12. An electrical connecting arrangement, having an electrical plug connector, comprising:

an outer-conductor assembly that has, a first interface for electrically and mechanically contacting an outer conductor of a corresponding electrical counterpart plug connector; and a second interface for electrically and mechanically contacting metal-plated recesses defined in an electrical assembly; and wherein the second interface has a multiplicity of contact elements for the contacting of the electrical assembly; and wherein a first group of the multiplicity of contact elements is formed as press-in pins for an oversize fit in the metal-plated recesses of the electrical assembly; and a second group of the multiplicity of contact elements is formed as resilient contact elements for insertion into the metal-plated recesses defined in the electrical assembly; and

an electrical assembly, in particular an electrical circuit board that defines plural metal-plated recesses for electrically and mechanically contacting with the second interface of the outer-conductor assembly of the electrical plug connector.

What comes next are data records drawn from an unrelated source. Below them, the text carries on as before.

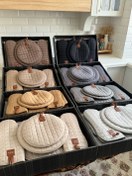 تصویر ست دم کنی ۱۱ پارچه وافل WS 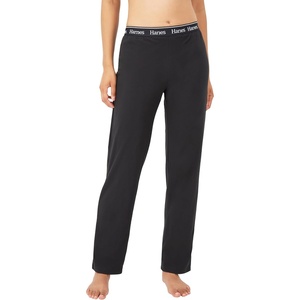 Hanes Women’s Originals Lounge Pants, Comfywear Sleep Pants for Women, Straight Leg Loungewear Pants(Black)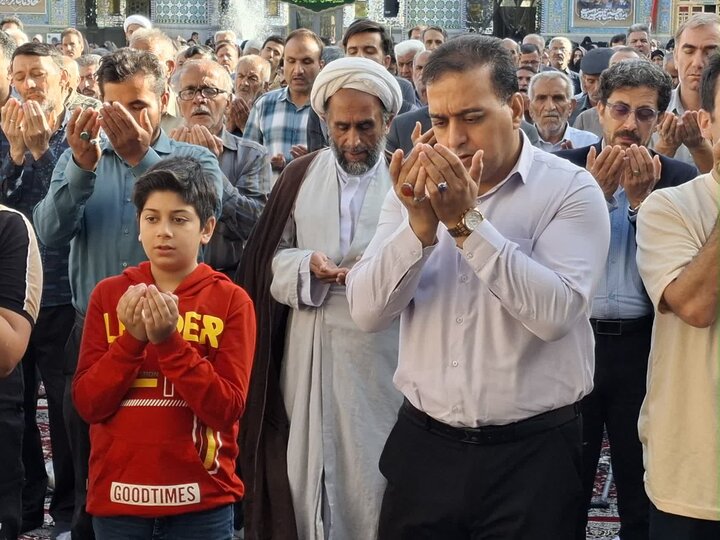 تصاویر/ نماز عیدسعیدقربان در آستان مقدس هلال بن علی (ع)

13. The electrical connecting arrangement as claimed in claim 12 and wherein the metal-plated recesses are formed as plated through-holes and/or blind bores in the electrical assembly.

14. The electrical connecting arrangement as claimed in claim 12 and wherein the resilient contact elements make contact radially under mechanical preload with the metal-plated recesses at an inner surface thereof when the resilient contact elements are inserted into the metal-plated recesses.

15. The electrical connecting arrangement as claimed in claim 12 and wherein an outer diameter of the resilient contact elements is smaller than an inner diameter of the metal-plated recesses.

16. The outer-conductor assembly as claimed in claim 2, and wherein the elastic deformation zone is a central material recess.

17. The outer-conductor assembly as claimed in claim 3 and wherein the contact elements are arranged in along a periphery of the sleeve-shaped encircling wall.

18. The outer-conductor assembly as claimed in claim 3 and wherein the contact elements are arranged in equidistantly distributed fashion, along the periphery of the sleeve-shaped encircling wall.

19. The outer-conductor assembly as claimed in claim 1 and wherein the outer-conductor assembly is a stamped and bent part.

20. The outer-conductor assembly as claimed in claim 3 and wherein the press-in pins are arranged along a periphery of the sleeve-shaped encircling wall.